#### What you will do:
Lines from the one containing "Virtual reality world." through the last line of the data are to be returned exactly, both ends included, minus any pictures.

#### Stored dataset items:
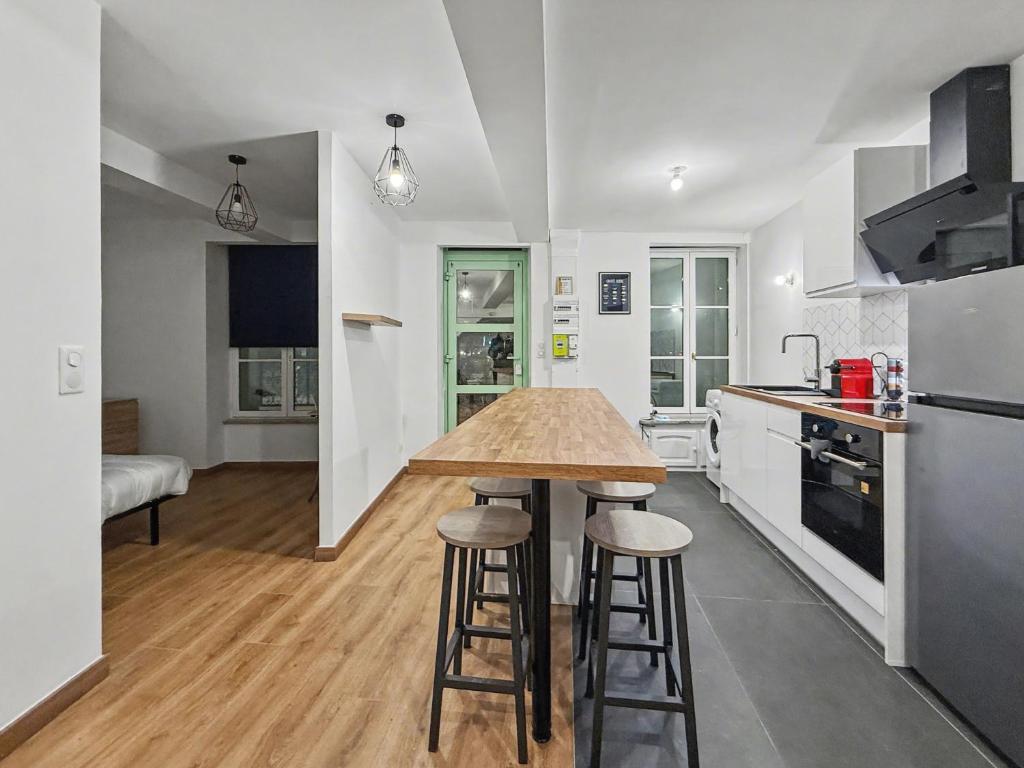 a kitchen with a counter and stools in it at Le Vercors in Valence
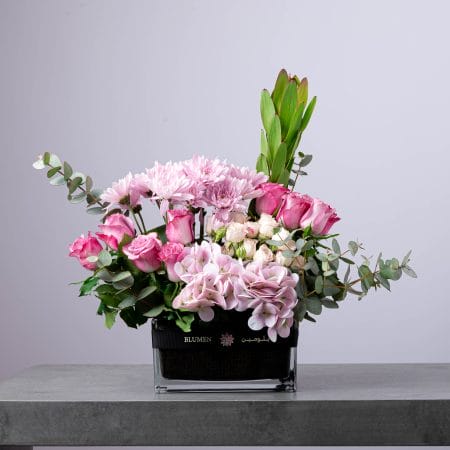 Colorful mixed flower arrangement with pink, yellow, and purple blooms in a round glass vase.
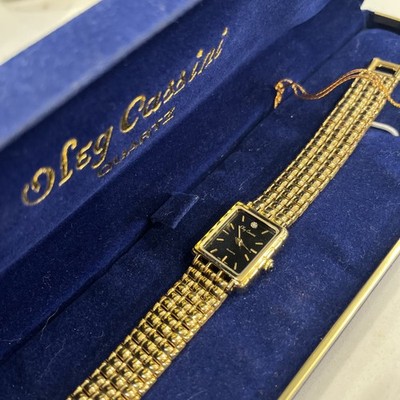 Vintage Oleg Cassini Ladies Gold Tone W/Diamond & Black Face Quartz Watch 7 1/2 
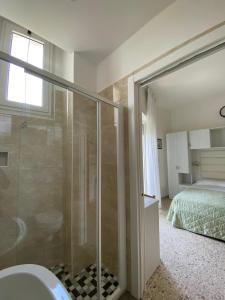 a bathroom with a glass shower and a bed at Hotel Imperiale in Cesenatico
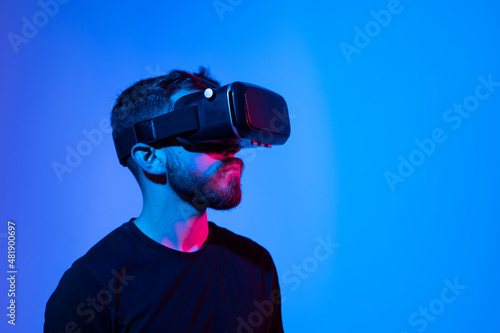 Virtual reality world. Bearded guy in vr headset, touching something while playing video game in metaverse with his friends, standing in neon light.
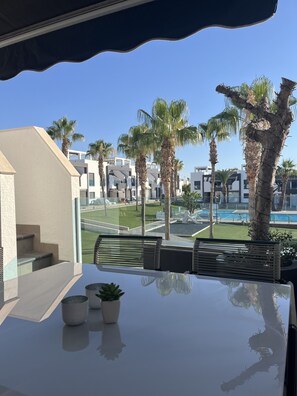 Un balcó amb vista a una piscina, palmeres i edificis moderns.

#### Written answer:
 Virtual reality world. Bearded guy in vr headset, touching something while playing video game in metaverse with his friends, standing in neon light.
 Un balcó amb vista a una piscina, palmeres i edificis moderns.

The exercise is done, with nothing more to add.